Flink执行计划第四层——ExecutionGraph
前情回顾:
一、LocalStreamEnvironment::execute
《入门Flink的第一个程序——WordCount》 真正意义上开始是从这里:
env.execute("Java WordCount from SocketTextStream Example");
远程模式和本地模式有一点不同,我们先按本地模式来调试。 我们跟进源码,(在本地调试模式下)会启动一个miniCluster,然后开始执行代码:
@Override
public JobExecutionResult execute(String jobName) throws Exception {
(省略...)
MiniCluster miniCluster = new MiniCluster(cfg);
try {
miniCluster.start();
configuration.setInteger(RestOptions.PORT, miniCluster.getRestAddress().get().getPort());
// 提交任务到 JobMaster
return miniCluster.executeJobBlocking(jobGraph);
}
finally {
transformations.clear();
miniCluster.close();
}
}
1.1 MiniCluster::executeJobBlocking
miniCluster.start()
执行完之后,用户定义的函数并未被执行,而 miniCluster.executeJobBlocking(jobGraph)
执行后,才执行了用户定义的函数。因此,跟踪executeJobBlocking
:
@Override
public JobExecutionResult executeJobBlocking(JobGraph job) throws JobExecutionException, InterruptedException {
checkNotNull(job, "job is null");
// 异步提交任务,获取一个Future对象
final CompletableFuture<JobSubmissionResult> submissionFuture = submitJob(job);
// 异步请求 JobResult
final CompletableFuture<JobResult> jobResultFuture = submissionFuture.thenCompose(
(JobSubmissionResult ignored) -> requestJobResult(job.getJobID()));
final JobResult jobResult;
try {
// 阻塞等待取得结果
jobResult = jobResultFuture.get();
} catch (ExecutionException e) {
throw new JobExecutionException(job.getJobID(), "Could not retrieve JobResult.", ExceptionUtils.stripExecutionException(e));
}
try {
// 处理执行结果
return jobResult.toJobExecutionResult(Thread.currentThread().getContextClassLoader());
} catch (IOException | ClassNotFoundException e) {
throw new JobExecutionException(job.getJobID(), e);
}
}
1.2 MiniCluster::submitJob
executeJobBlocking
最核心的部分就是 submitJob
,其他的都是用异步编程的常见写法来获取提交任务的最终结果。因此,跟踪 submitJob
:
public CompletableFuture<JobSubmissionResult> submitJob(JobGraph jobGraph) {
// 异步获取 Dispatcher组件对象
final CompletableFuture<DispatcherGateway> dispatcherGatewayFuture = getDispatcherGatewayFuture();
// we have to allow queued scheduling in Flip-6 mode because we need to request slots
// from the ResourceManager
jobGraph.setAllowQueuedScheduling(true);
// 异步获取Dispatcher组件中的BlobServer的监听地址
final CompletableFuture<InetSocketAddress> blobServerAddressFuture = createBlobServerAddress(dispatcherGatewayFuture);
// 异步上传任务的jar包
final CompletableFuture<Void> jarUploadFuture = uploadAndSetJobFiles(blobServerAddressFuture, jobGraph);
// 异步提交任务
final CompletableFuture<Acknowledge> acknowledgeCompletableFuture = jarUploadFuture
.thenCombine(
dispatcherGatewayFuture,
(Void ack, DispatcherGateway dispatcherGateway) -> dispatcherGateway.submitJob(jobGraph, rpcTimeout))

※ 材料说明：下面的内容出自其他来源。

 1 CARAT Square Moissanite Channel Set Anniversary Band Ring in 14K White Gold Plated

.thenCompose(Function.identity());
// 异步返回提交任务的结果
return acknowledgeCompletableFuture.thenApply(
(Acknowledge ignored) -> new JobSubmissionResult(jobGraph.getJobID()));
}
关键代码就是 dispatcherGateway.submitJob(jobGraph, rpcTimeout)
,而这里 DispatcherGateway
就是 Dispatcher
组件的接口。
这里的 Dispatcher 是一个接收job,然后指派JobMaster去启动任务的类,我们可以看看它的 类结构,有两个实现。在本地环境下启动的是 MiniDispatcher ,在集群上提交任务时,集群 上启动的是 StandaloneDispatcher 。

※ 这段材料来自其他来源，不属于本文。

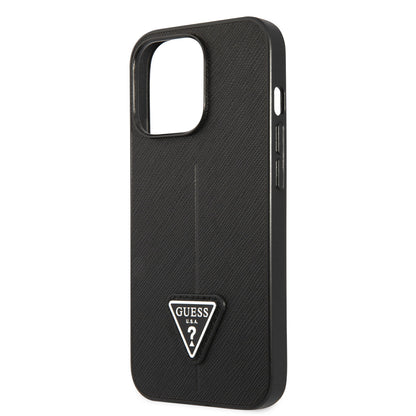 iPhone 14 Pro Kılıf GUESS PU Safran Deri Üçgen Logo Dizayn Kılıf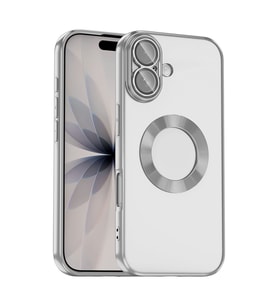 Apple iPhone 17 Uyumlu Kılıf Kamera Korumalı Logo Gösteren Zore Omega Kapak (Gümüş)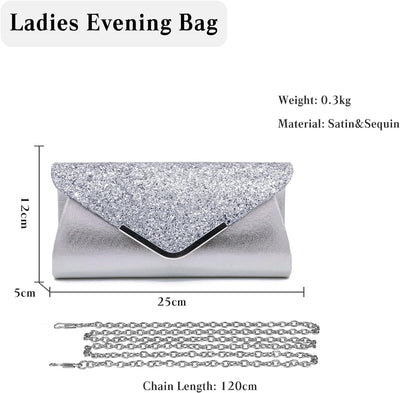 CORIOS Damen Clutch Tasche Envelope Abendtasche Pailletten Henkeltasche Glitzer Hochzeit Brautbörse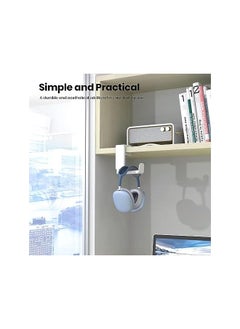 erorex Headset Headphone Hanger Under Desk Swivel Hook Spring Clamp No Adhesive Required Universal Pc Gaming Headset Earphone Display Stand Holder Table Mount Built In Cord Clip Organizer White）  - Image 3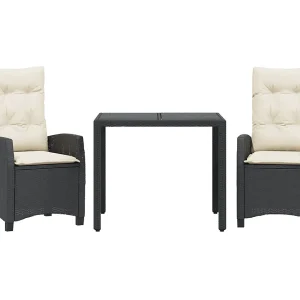 3-delige Tuinset met kussens poly rattan zwart 3-delige Tuinset met kussens poly rattan zwart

1.3 Dispatcher::internalSubmitJob
基类 Dispatcher
的 submitJob
方法比较简单,代码就不贴了,重点看 Dispatcher
的 internalSubmitJob
方法:
private CompletableFuture<Acknowledge> internalSubmitJob(JobGraph jobGraph) {
log.info("Submitting job {} ({}).", jobGraph.getJobID(), jobGraph.getName());
// 重点是 persistAndRunJob 方法
final CompletableFuture<Acknowledge> persistAndRunFuture = waitForTerminatingJobManager(jobGraph.getJobID(), jobGraph, this::persistAndRunJob)
.thenApply(ignored -> Acknowledge.get());
// 异步处理任务的执行结果
return persistAndRunFuture.handleAsync((acknowledge, throwable) -> {
if (throwable != null) {
cleanUpJobData(jobGraph.getJobID(), true);
final Throwable strippedThrowable = ExceptionUtils.stripCompletionException(throwable);
log.error("Failed to submit job {}.", jobGraph.getJobID(), strippedThrowable);
throw new CompletionException(
new JobSubmissionException(jobGraph.getJobID(), "Failed to submit job.", strippedThrowable));
} else {
return acknowledge;
}
}, getRpcService().getExecutor());
}
我们可以看一下 waitForTerminatingJobManager
这个方法:
//
private CompletableFuture<Void> waitForTerminatingJobManager(JobID jobId, JobGraph jobGraph, FunctionWithException<JobGraph, CompletableFuture<Void>, ?> action) {
// 查看一下有没有相同jobId的任务
final CompletableFuture<Void> jobManagerTerminationFuture = getJobTerminationFuture(jobId)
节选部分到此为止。